The Spot Slope can be a useful little tool out in the landscape. You can place one at any given point and immediately get the slope for that face. But they do have a few funny little quirks as well as some other limitations.

A Spot Slope can be placed on Floors, Topo, and even Ramps. On first glance, it seems like they do not read the slope of a Ramp, but (as mentioned on Revit OpEd) you can move an already existing Spot Slope onto a Ramp and it will display the slope of the Ramp. But to get this to work, the Spot Slope should be on a Floor first (and not Topo).
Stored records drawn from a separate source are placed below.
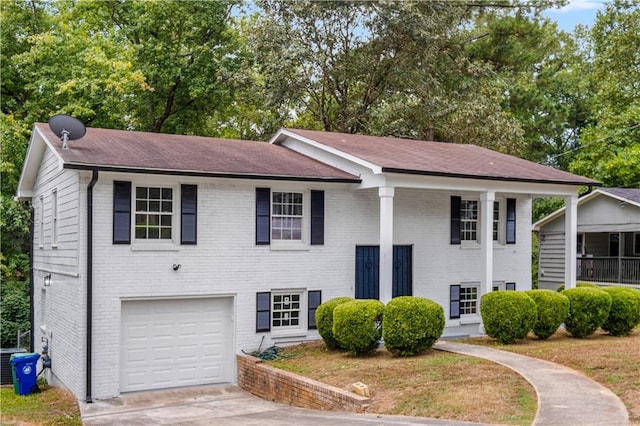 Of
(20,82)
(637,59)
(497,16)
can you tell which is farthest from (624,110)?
(20,82)

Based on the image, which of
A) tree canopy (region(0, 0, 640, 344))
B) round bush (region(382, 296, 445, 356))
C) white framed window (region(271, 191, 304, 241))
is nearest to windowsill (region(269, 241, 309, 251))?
white framed window (region(271, 191, 304, 241))

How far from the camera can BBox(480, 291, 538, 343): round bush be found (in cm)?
1524

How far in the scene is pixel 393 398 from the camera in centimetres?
1122

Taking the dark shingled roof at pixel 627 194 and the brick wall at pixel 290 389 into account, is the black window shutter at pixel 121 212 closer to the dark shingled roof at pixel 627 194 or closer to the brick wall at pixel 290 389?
the brick wall at pixel 290 389

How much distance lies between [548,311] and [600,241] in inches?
633

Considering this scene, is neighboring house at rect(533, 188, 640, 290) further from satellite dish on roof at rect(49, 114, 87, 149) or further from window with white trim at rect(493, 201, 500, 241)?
satellite dish on roof at rect(49, 114, 87, 149)

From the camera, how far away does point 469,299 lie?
63.8ft

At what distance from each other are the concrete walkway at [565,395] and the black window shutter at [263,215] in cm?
528

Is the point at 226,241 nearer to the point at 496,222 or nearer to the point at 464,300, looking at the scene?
the point at 464,300

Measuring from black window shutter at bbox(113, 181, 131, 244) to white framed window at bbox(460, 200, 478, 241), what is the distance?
919 cm

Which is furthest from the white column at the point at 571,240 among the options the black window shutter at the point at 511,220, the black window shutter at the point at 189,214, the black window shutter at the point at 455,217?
the black window shutter at the point at 189,214

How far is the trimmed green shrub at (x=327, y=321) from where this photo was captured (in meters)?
15.2

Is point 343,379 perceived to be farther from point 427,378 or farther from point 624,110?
point 624,110

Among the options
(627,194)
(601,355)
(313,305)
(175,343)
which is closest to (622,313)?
(601,355) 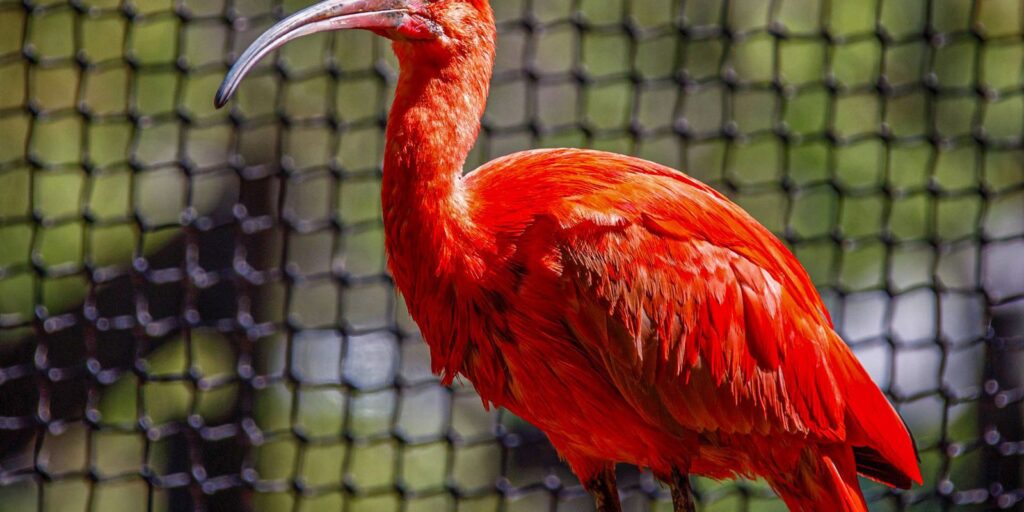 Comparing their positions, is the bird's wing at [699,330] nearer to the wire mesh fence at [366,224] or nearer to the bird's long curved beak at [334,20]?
the bird's long curved beak at [334,20]

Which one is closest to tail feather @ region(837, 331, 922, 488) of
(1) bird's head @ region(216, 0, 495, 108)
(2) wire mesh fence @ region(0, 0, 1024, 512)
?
(1) bird's head @ region(216, 0, 495, 108)

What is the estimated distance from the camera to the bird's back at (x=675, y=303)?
1630 millimetres

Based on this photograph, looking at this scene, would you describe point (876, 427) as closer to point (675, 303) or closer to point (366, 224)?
point (675, 303)

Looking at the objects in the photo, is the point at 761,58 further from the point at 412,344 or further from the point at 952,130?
the point at 412,344

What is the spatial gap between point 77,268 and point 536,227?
2.26 m

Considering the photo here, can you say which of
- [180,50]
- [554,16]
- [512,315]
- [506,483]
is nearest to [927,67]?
[554,16]

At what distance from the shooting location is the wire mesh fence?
337 centimetres

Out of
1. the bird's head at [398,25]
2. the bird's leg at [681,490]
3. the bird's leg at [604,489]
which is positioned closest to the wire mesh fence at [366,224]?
the bird's leg at [604,489]

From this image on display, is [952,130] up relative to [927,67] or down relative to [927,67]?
down

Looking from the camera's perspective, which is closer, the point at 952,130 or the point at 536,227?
the point at 536,227

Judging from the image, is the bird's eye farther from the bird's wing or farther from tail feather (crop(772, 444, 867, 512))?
tail feather (crop(772, 444, 867, 512))

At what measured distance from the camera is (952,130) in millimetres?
4137

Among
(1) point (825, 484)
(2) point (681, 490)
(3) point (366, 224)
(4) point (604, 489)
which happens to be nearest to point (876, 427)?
(1) point (825, 484)

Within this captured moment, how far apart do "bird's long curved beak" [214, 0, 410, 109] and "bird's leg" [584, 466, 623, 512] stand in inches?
30.6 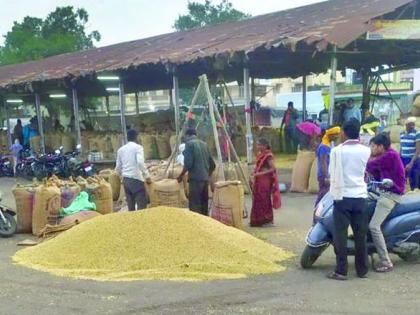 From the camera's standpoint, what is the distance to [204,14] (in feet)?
203

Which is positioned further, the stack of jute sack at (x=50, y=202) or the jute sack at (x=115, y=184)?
the jute sack at (x=115, y=184)

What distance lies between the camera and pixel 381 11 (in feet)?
43.2

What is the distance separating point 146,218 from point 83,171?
9.05m

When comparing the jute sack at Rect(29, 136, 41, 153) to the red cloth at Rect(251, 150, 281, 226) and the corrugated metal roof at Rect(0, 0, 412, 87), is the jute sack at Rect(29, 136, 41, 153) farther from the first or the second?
the red cloth at Rect(251, 150, 281, 226)

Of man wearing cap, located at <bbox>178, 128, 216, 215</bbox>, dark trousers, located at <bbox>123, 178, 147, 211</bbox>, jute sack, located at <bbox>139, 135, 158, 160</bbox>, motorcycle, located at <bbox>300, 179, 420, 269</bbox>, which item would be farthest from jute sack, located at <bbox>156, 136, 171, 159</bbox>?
motorcycle, located at <bbox>300, 179, 420, 269</bbox>

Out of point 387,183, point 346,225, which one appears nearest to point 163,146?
point 387,183

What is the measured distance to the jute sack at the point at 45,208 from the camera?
934 centimetres

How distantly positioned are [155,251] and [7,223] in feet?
11.9

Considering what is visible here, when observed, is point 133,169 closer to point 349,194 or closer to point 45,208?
point 45,208

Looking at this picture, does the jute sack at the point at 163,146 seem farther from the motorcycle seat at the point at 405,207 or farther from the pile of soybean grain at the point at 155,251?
the motorcycle seat at the point at 405,207

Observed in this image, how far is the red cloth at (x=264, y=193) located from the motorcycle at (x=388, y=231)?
2508 mm

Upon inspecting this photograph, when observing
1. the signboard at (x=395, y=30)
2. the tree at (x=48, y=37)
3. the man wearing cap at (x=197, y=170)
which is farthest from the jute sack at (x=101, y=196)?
the tree at (x=48, y=37)

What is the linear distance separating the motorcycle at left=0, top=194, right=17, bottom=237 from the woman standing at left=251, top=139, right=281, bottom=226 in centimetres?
376

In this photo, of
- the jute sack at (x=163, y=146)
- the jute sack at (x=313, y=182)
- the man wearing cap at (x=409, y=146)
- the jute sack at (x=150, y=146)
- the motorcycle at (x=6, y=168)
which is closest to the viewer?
the man wearing cap at (x=409, y=146) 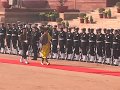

ramp_no slope   ramp_slope

Once a Spot Slope is placed on Topo, it cannot be placed on anything but Topo. If you attempt to move it to a Floor or Ramp that is not within Topo, Revit will give you the option to Cancel or Delete.

spot slope error

You can, however, copy a Spot Slope and the copied Spot Slope will host to the nearest Floor or Ramp. In fact, as long as you are not in Wireframe, the Spot Slope seems to prefer Floors. If you are in Wireframe, copied Spot Slopes will only host to Topo.

But the best method for placing Spot Slopes is to just place them new. When placing a new Spot Slope, the selected face or surface will highlight in blue (and you can use tab to toggle through and select other faces or edges).

spot slope highlight

The Spot Slope does have some room for improvement. In addition to fixing the Ramp bug, it would be nice if Spot Slopes could also have:

The ability to turn off the units (and just be an arrow).

The ability to see what it is hosted on and also have the ability to re-host it.

And finally, my biggest issue with Spot Slope is that it is a slope from a single spot. It would be vastly more useful if there was a tool that combined the Spot Slope with the Spot Elevation so that you could draw a line (or place two points) and then get the slope between those two spots.